== Study material ==
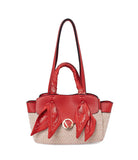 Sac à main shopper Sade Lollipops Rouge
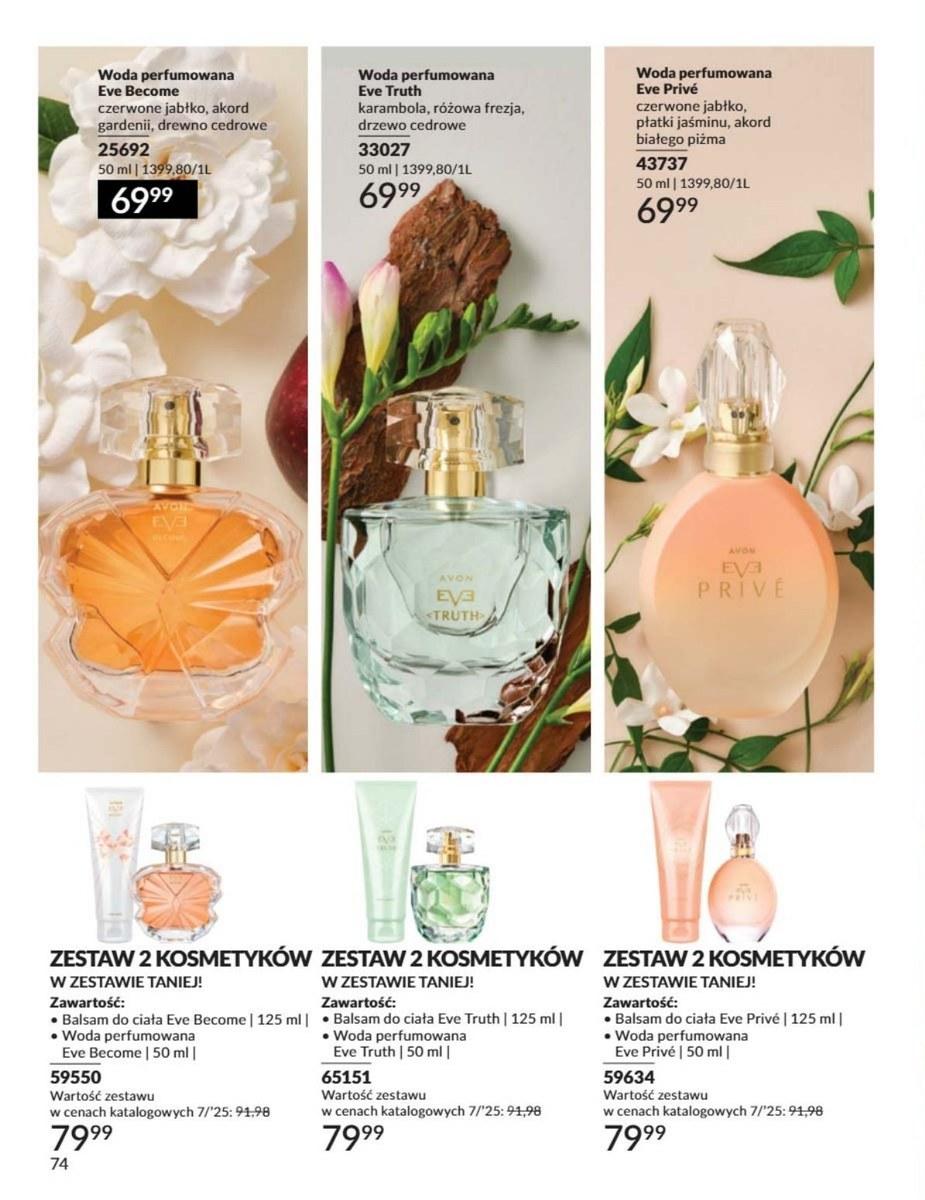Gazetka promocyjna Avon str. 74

---

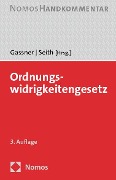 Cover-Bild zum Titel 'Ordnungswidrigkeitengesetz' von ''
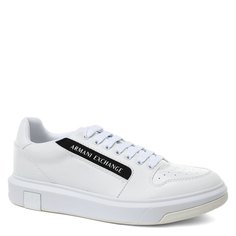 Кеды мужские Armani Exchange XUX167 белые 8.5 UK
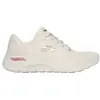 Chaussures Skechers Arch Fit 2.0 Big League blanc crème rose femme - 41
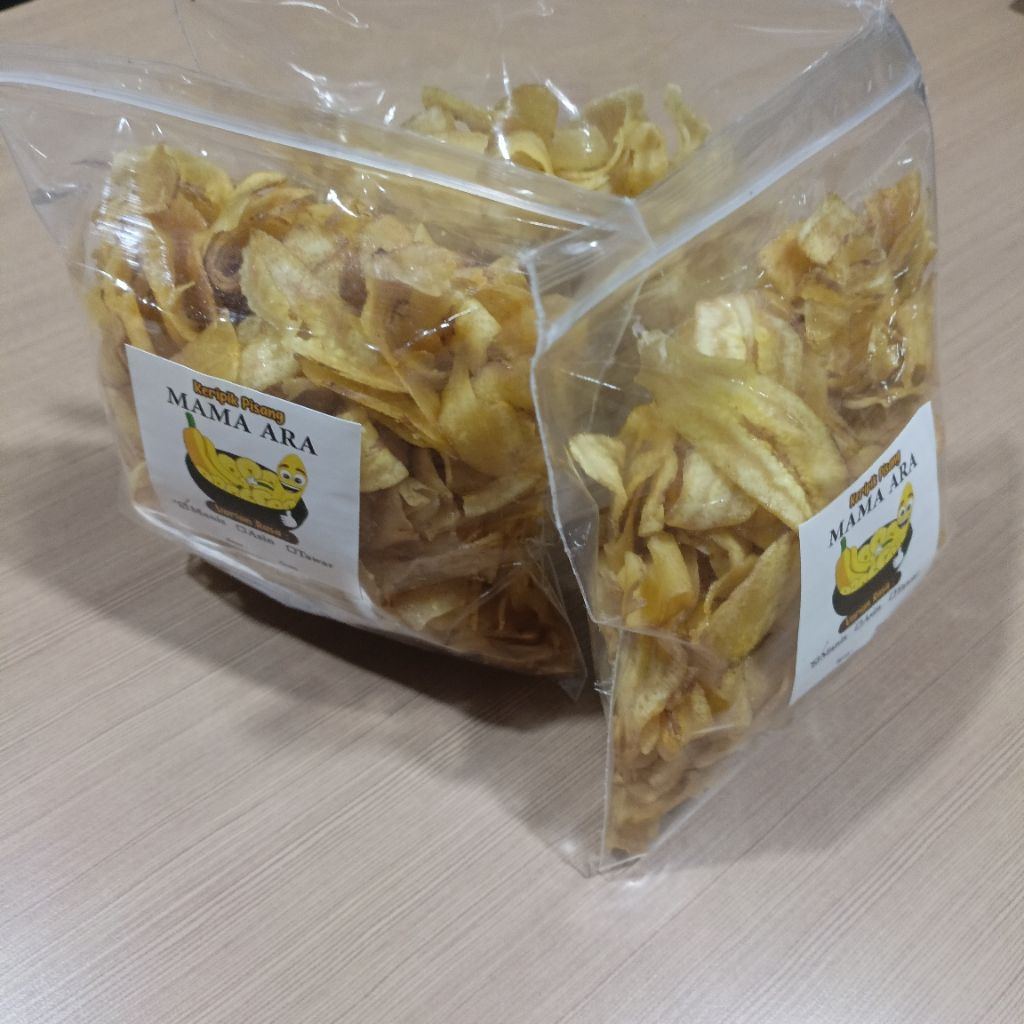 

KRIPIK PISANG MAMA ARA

== Exercise details ==
Copy only what runs above from the line containing "Chaussures Skechers Arch" through the line containing "KRIPIK PISANG MAMA ARA", exactly. Leave out the pictures.

== Answer to this task ==
 Chaussures Skechers Arch Fit 2.0 Big League blanc crème rose femme - 41

KRIPIK PISANG MAMA ARA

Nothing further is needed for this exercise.